- [Exercise]
The records that follow should be copied out exactly, pictures excluded.

Short descriptive text snippets
+-------+

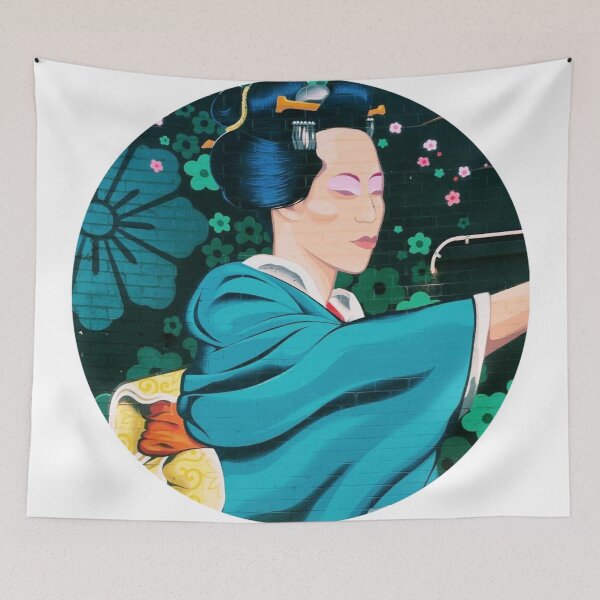 Item preview, Chinese Style Street Art Hip Hop Boom Bap designed and sold by davidas777.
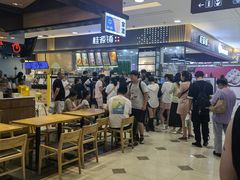 -桂桂茶(滨江百联店)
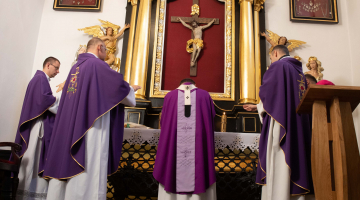 Abp Ryś: czy miłość jest fundamentem twojego działania? – Msza św. przy grobie bł. Rafała Chylińskiego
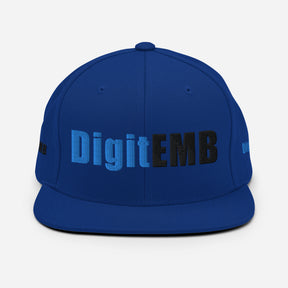 Classic Snapback Hat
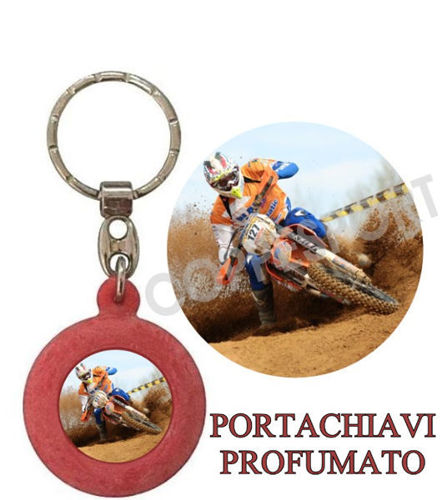 Immagine di PORTACHIAVI MOTO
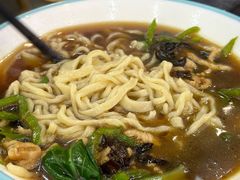 -肖妈妈手擀面(武夷店)
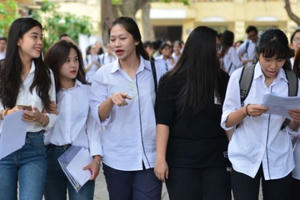 Thiết bị gian lận được rao bán tràn lan gây nhiều lo ngại đối với kỳ thi THPT Quốc gia 2019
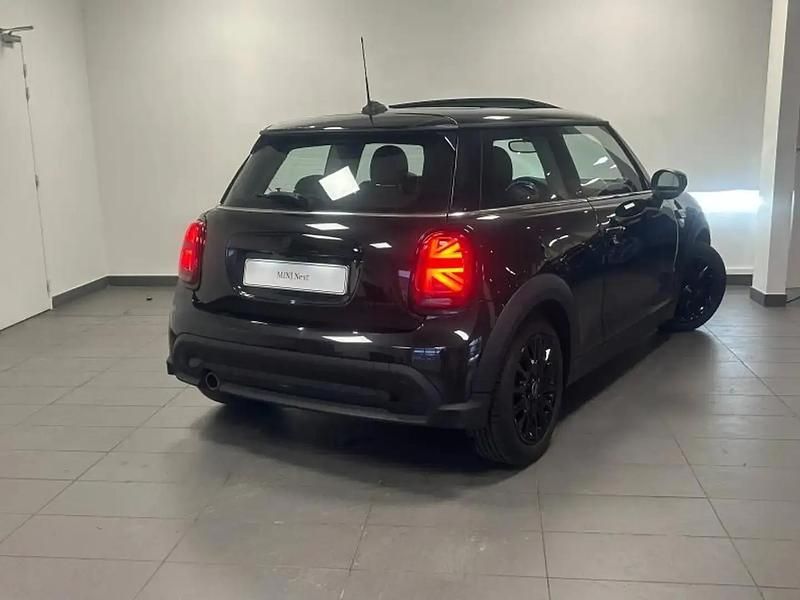 Occasion Mini Cooper Premium Plus 137 ch (100 kW) 2022 Noir Citadine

+-------+

- [Task solution]
 Item preview, Chinese Style Street Art Hip Hop Boom Bap designed and sold by davidas777.
 -桂桂茶(滨江百联店)
 Abp Ryś: czy miłość jest fundamentem twojego działania? – Msza św. przy grobie bł. Rafała Chylińskiego
 Classic Snapback Hat
 Immagine di PORTACHIAVI MOTO
 -肖妈妈手擀面(武夷店)
 Thiết bị gian lận được rao bán tràn lan gây nhiều lo ngại đối với kỳ thi THPT Quốc gia 2019
 Occasion Mini Cooper Premium Plus 137 ch (100 kW) 2022 Noir Citadine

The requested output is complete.